The government now expects a fiscal deficit of 3.8% of Gross Domestic Product (GDP) this year, narrower than the 4.1% targeted in March, Finance Minister Cassiel Ato Forson told parliament during a mid-year review of public finances.
In the first six months the deficit was 1.1% of GDP, ahead of the 2.4% targeted.
Forson said economic growth could possibly exceed the March target of 4% and officials were hopeful they could hit the year-end inflation target of 11.9% ahead of schedule.
"We have borrowed less than we planned, signifying strong expenditure control and fiscal discipline," Forson said.

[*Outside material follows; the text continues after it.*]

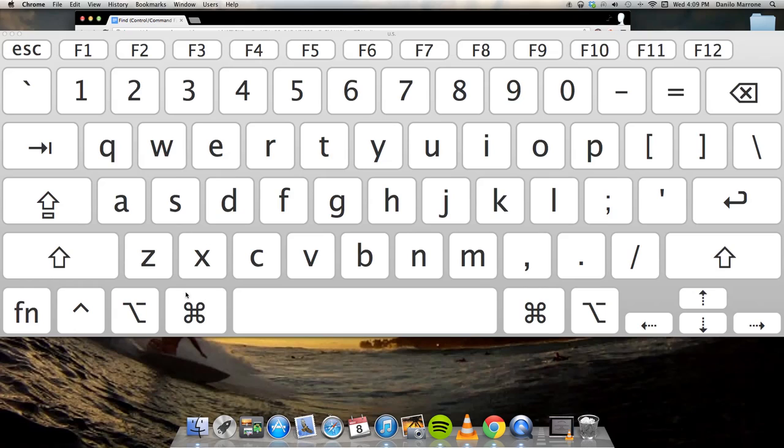If you are using a PC, the Command icon will be a Control button, but it is still going to be the same functionality.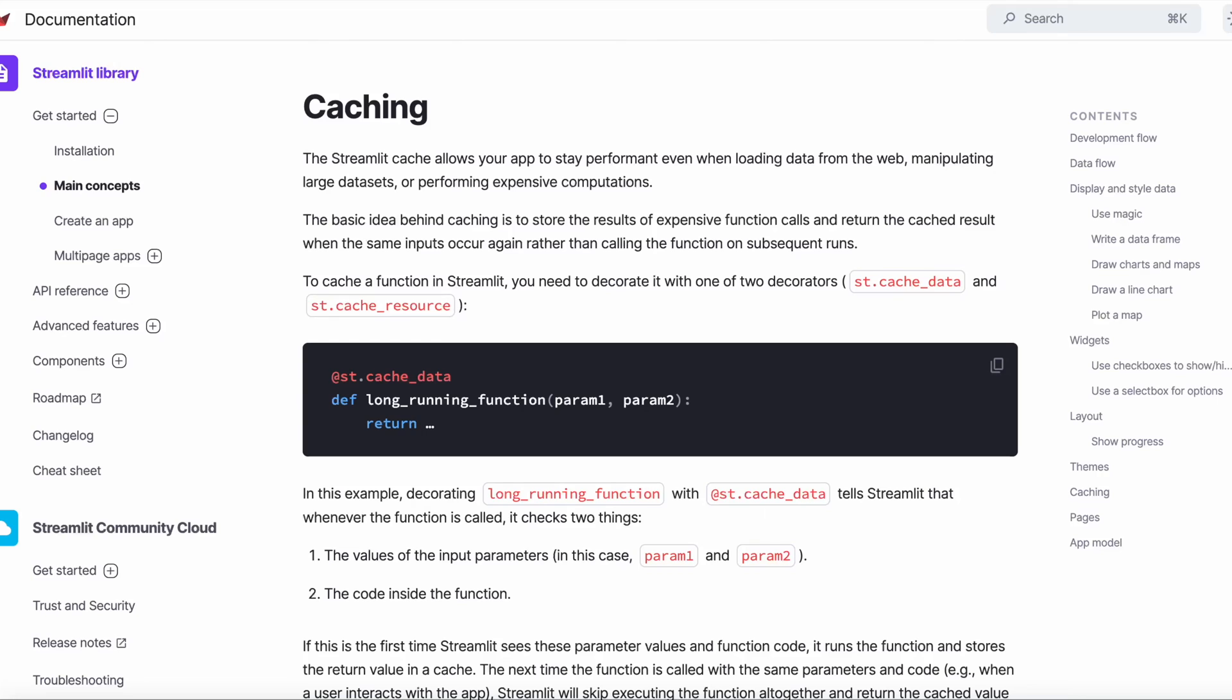Caching allows your app to run faster when performing long running tasks. Caching is performed by wrapping functions with the @st.cache decorator, which checks all the code and the input variables passed to that function in order to decide to run that function again or to skip execution.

"This is a strong signal to the investor community and all stakeholders that the needed fiscal consolidation is happening here in Ghana and it will be sustained."
In the first half of the year, total revenue and grants were roughly 3% short of target, but expenditure came in 14% below target.
Forson said risks to the public purse included a shortfall in customs revenue, mounting wage pressures and smuggling of marine gas oil, adding Ghana was not out of the woods yet.